**What you need to do:** Exact copy, pictures excluded: set down only the lines from the one with "Red Plaid Textured Print Dress Kabayare" through the end of the entries, keeping both end lines.

Records for this task START

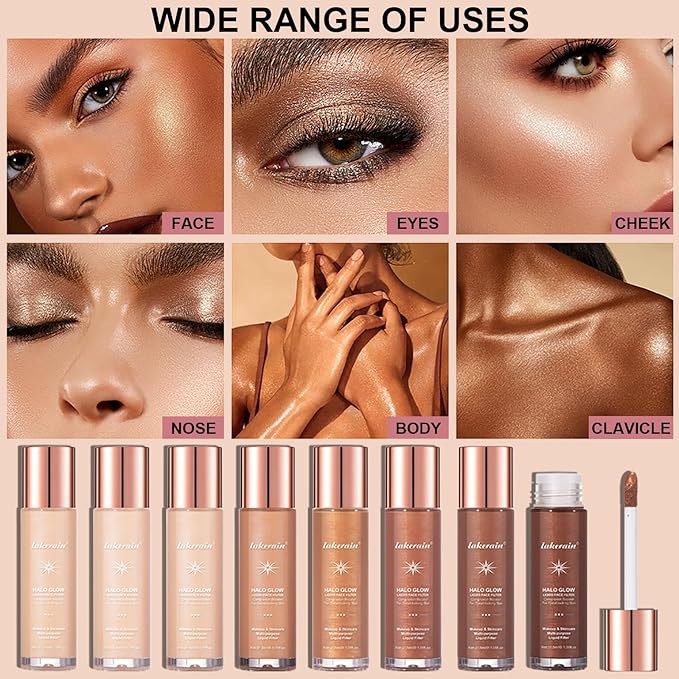 Natural Glow Liquid Filter Makeup, Longwear Face Luminizer, Complexion Booster For Any Part of the Body, Liquid Highlighter with Brush Kit, Infused Hyaluronic Acid, 1.06 fl oz (#01 FAIR)-VivaGrace Women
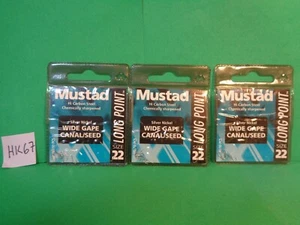 Mustad Long Point Wide Gape Canal/Seed Hooks Size 22 #LP180 30 Total Hooks (New) - Picture 1 of 7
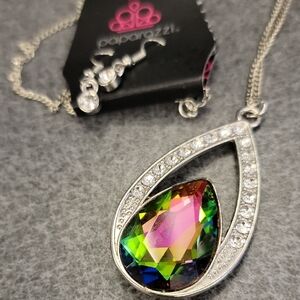 Paparazzi Silver Multicolor Teardrop Necklace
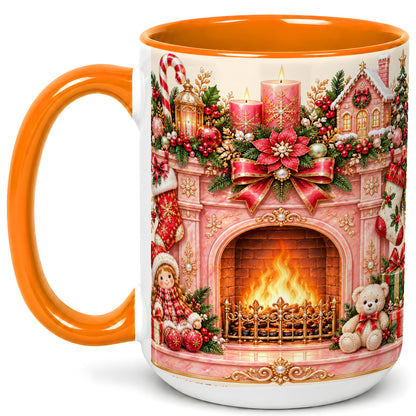 #pl[15oz|Orange] Pink Christmas Fireplace Coffee Mug, Holiday Decor Mug, Ceramic Cup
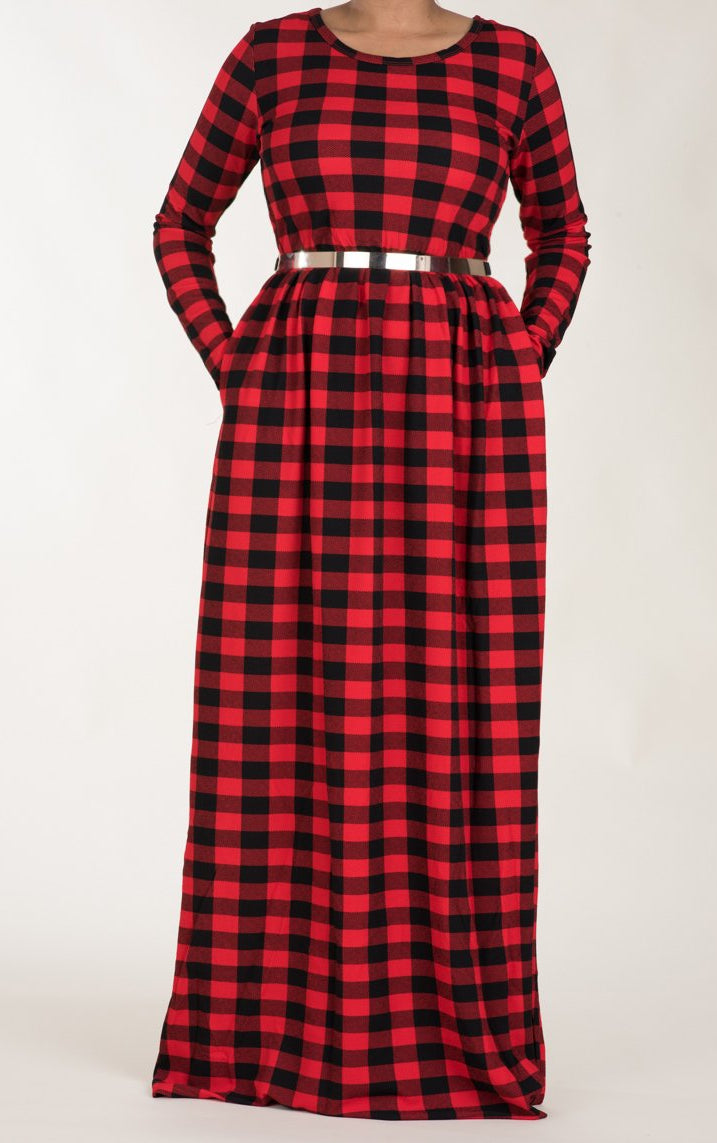 Red Plaid Textured Print Dress Kabayare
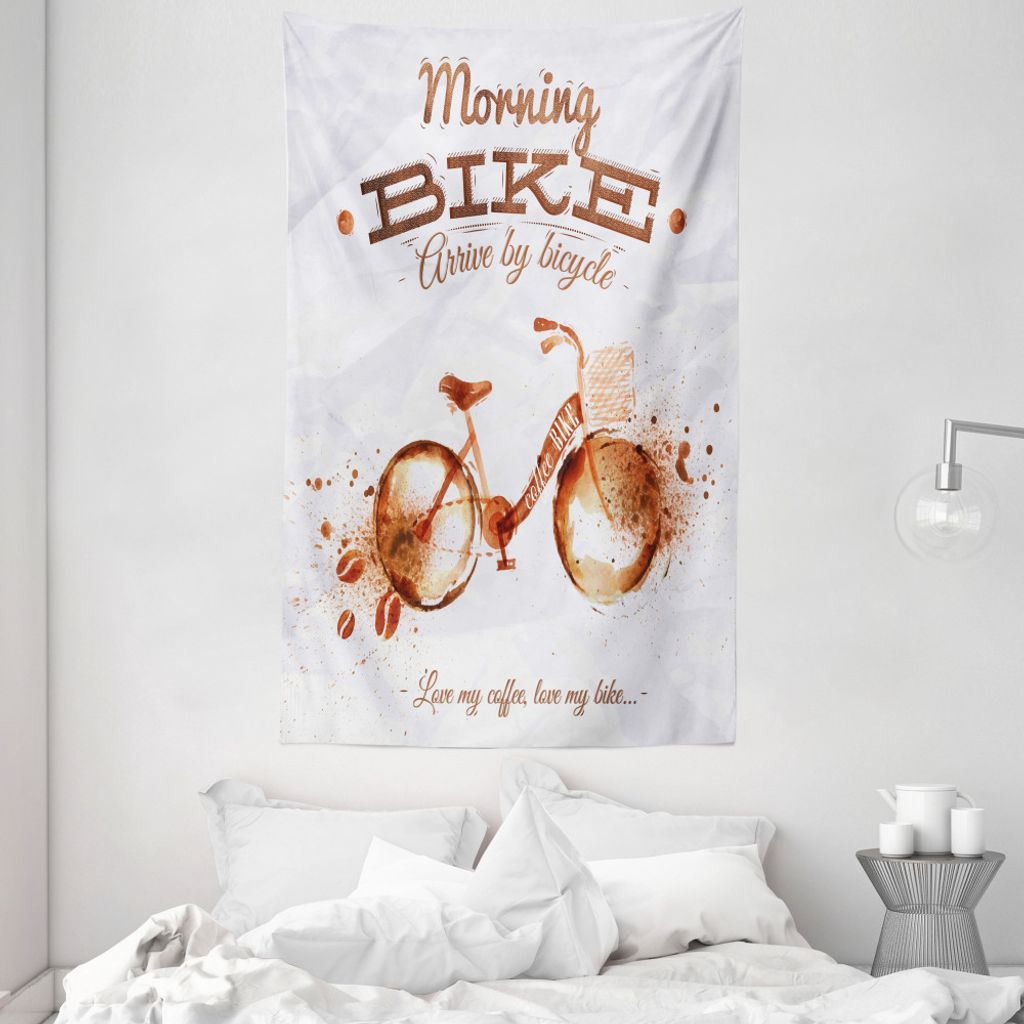 ABAKUHAUS Kaffee-Kunst Wandteppich und Tagesdecke, Bike Leidenschaft Liebe aus Weiches Mikrofaser Stoff Waschbar ohne Verblassen Digitaldruck, 140 ...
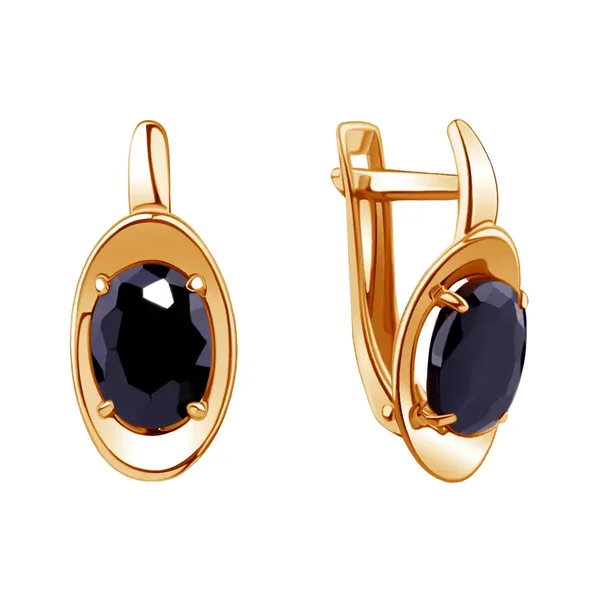 Серьги из серебра с сапфиром, золочение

Records for this task END

**Written solution:**
 Red Plaid Textured Print Dress Kabayare
 ABAKUHAUS Kaffee-Kunst Wandteppich und Tagesdecke, Bike Leidenschaft Liebe aus Weiches Mikrofaser Stoff Waschbar ohne Verblassen Digitaldruck, 140 ...
 Серьги из серебра с сапфиром, золочение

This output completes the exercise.